## Task to carry out
In the data below, begin at the line with "Rep TBK Washed" and stop after the line with "San Francisco Painted Dames Poster (Hoek)"; output those lines exactly and no pictures.

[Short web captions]
##############################
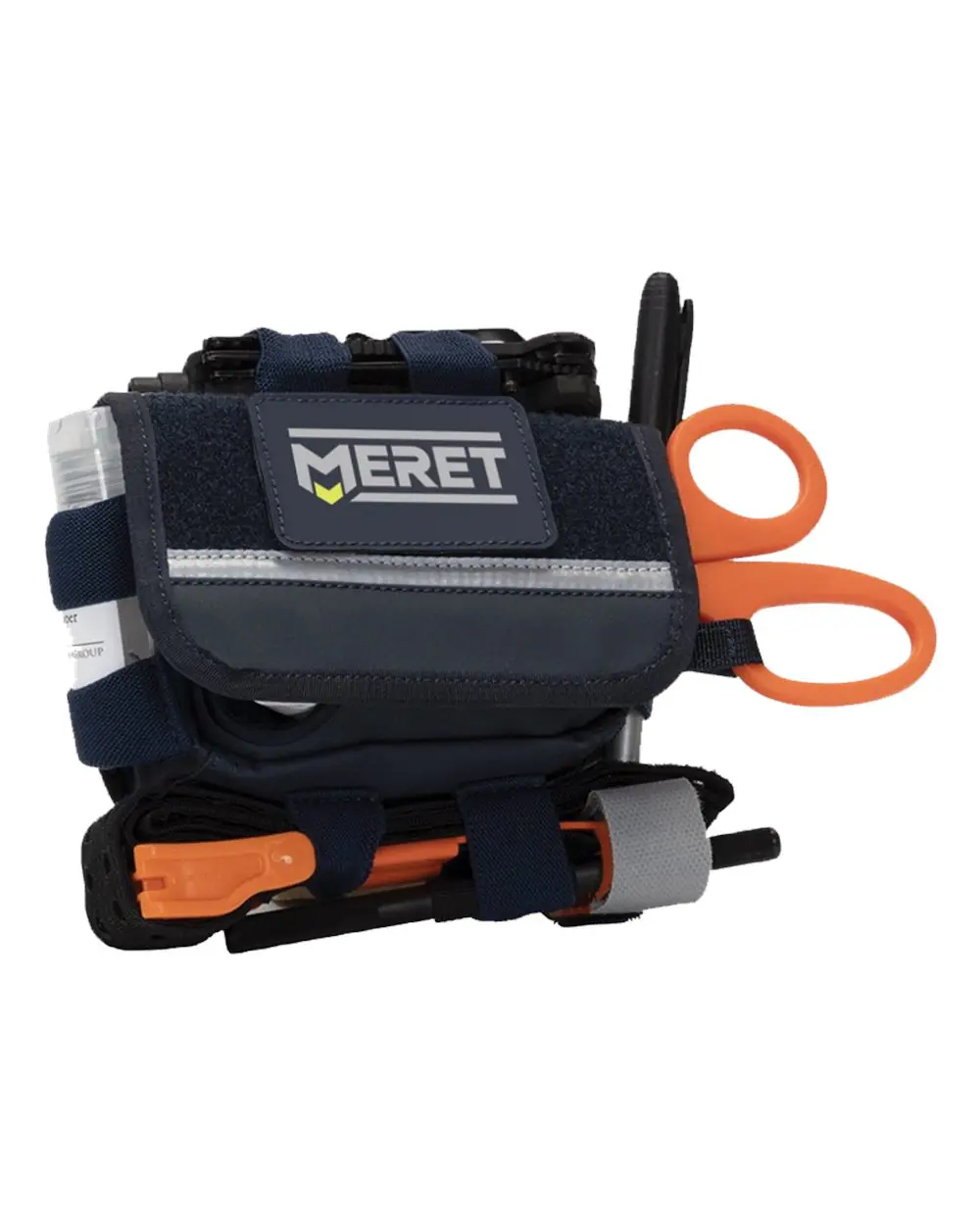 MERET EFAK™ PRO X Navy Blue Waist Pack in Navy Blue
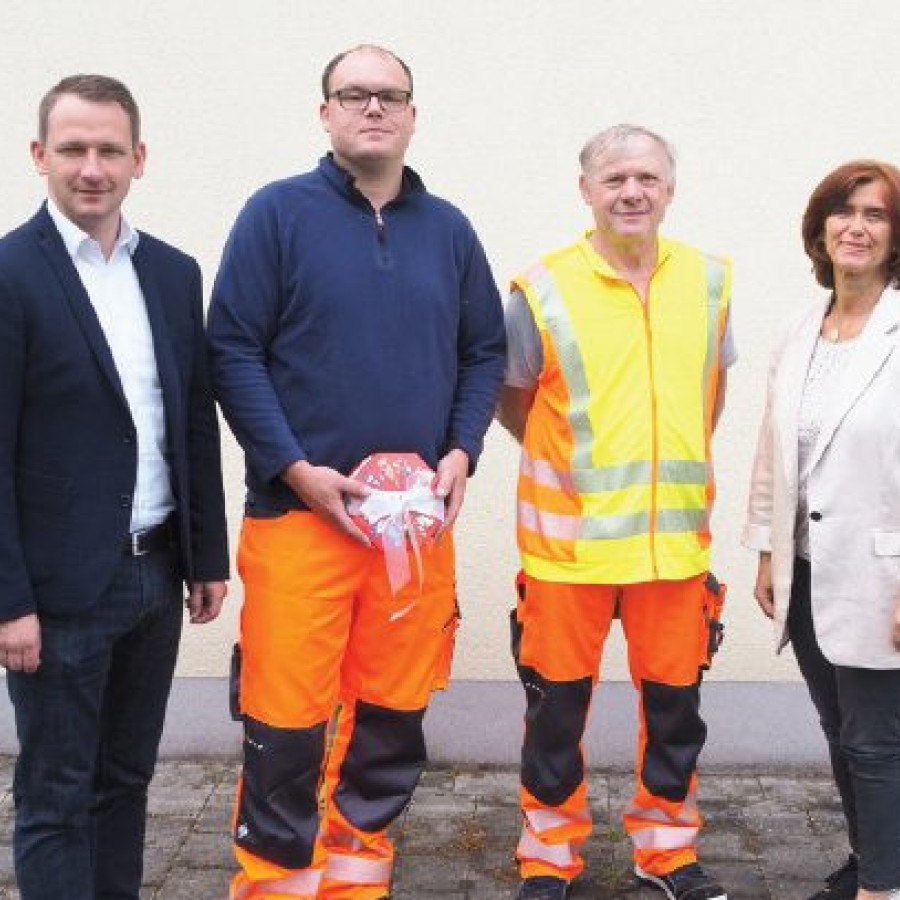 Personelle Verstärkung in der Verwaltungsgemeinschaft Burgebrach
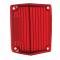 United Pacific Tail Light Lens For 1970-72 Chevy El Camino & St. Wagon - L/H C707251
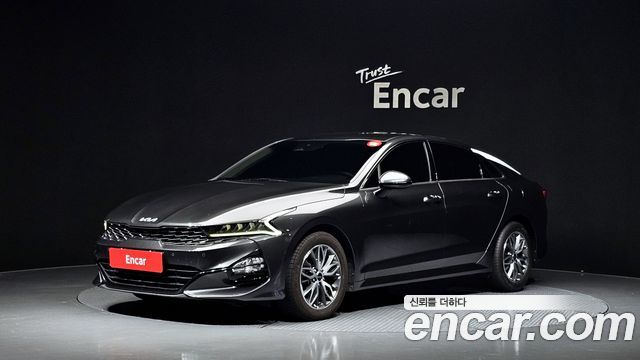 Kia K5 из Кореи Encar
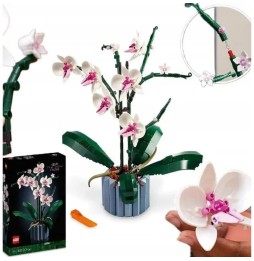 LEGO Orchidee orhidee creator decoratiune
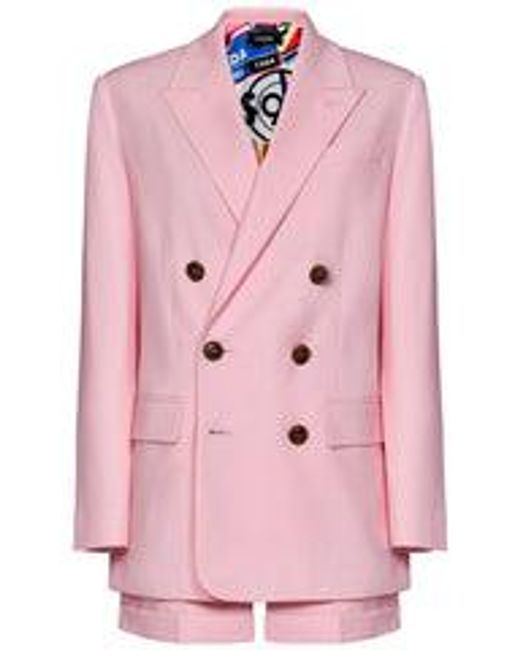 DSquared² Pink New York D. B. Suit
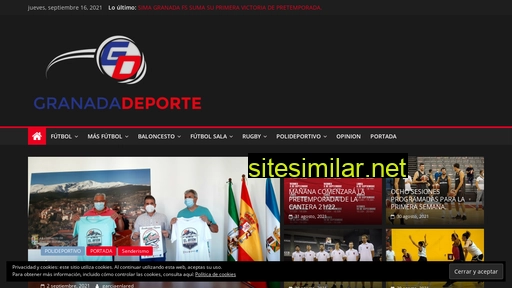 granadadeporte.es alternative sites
##############################
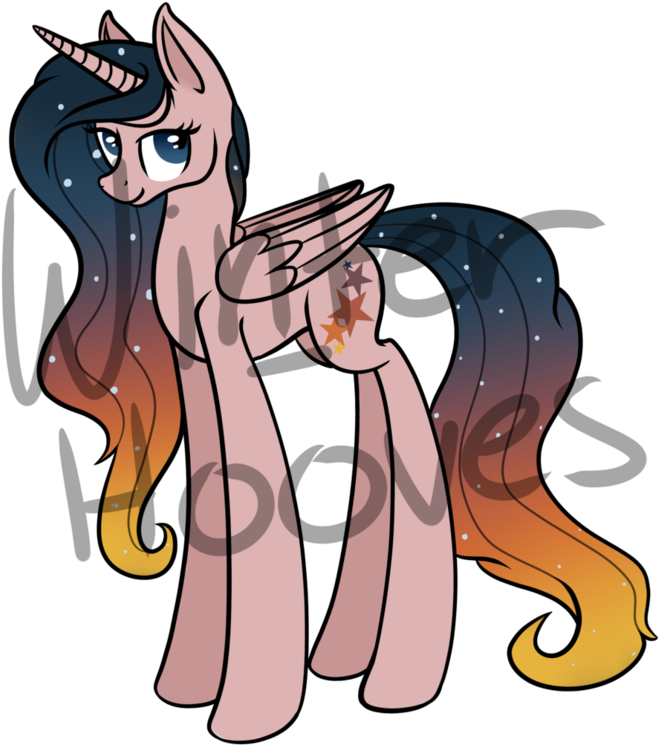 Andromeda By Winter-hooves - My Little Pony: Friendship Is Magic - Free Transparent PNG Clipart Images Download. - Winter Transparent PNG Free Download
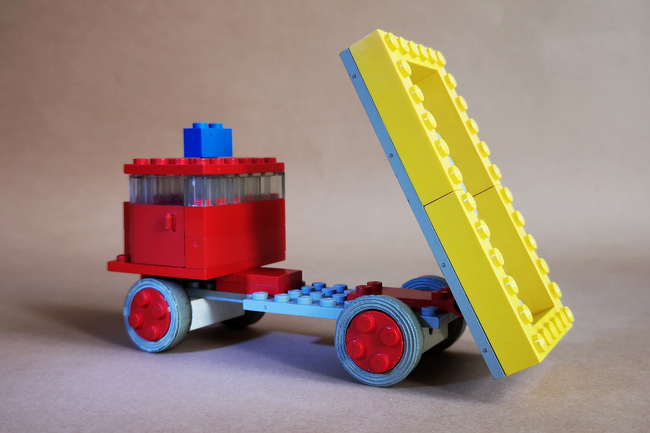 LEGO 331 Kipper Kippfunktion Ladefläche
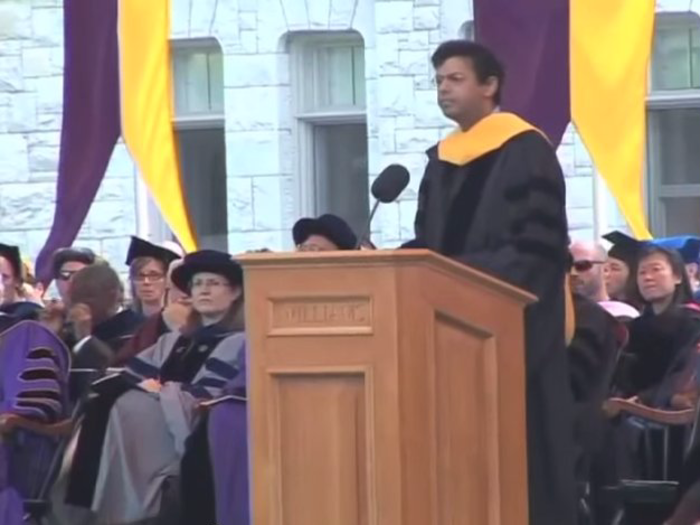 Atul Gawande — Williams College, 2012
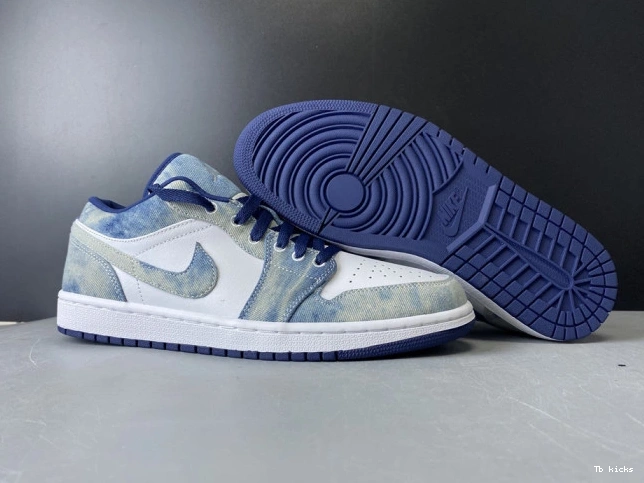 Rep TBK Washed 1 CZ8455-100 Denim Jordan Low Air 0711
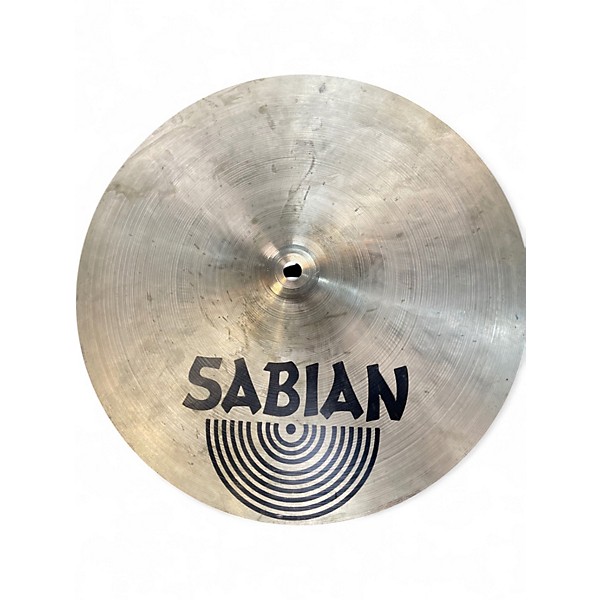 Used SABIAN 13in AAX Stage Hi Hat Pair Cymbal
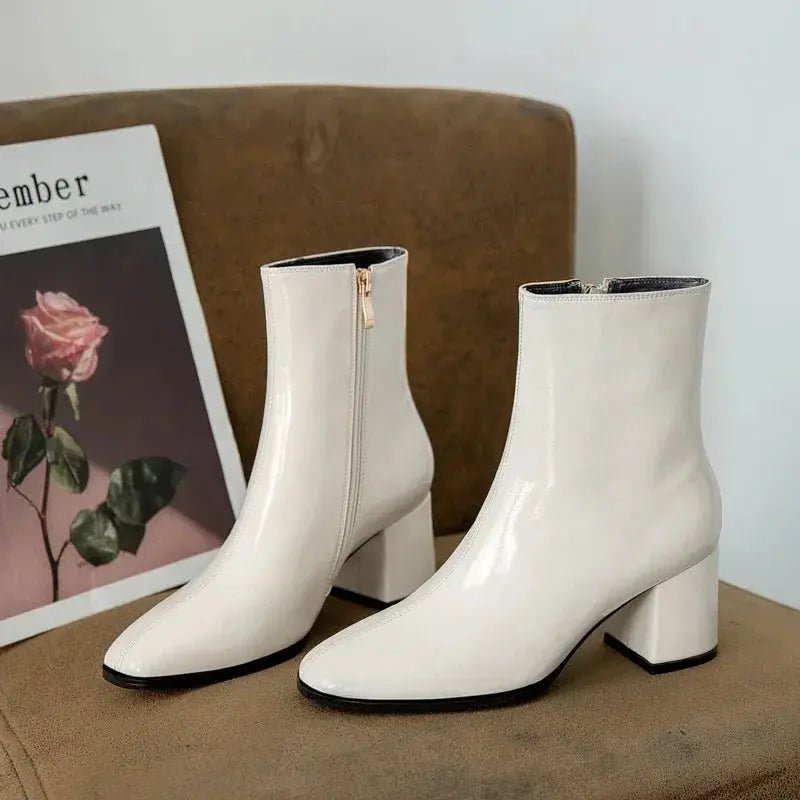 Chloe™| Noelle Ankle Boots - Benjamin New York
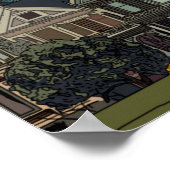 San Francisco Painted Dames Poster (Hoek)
##############################
## Answer to the problem
 Rep TBK Washed 1 CZ8455-100 Denim Jordan Low Air 0711
 Used SABIAN 13in AAX Stage Hi Hat Pair Cymbal
 Chloe™| Noelle Ankle Boots - Benjamin New York
 San Francisco Painted Dames Poster (Hoek)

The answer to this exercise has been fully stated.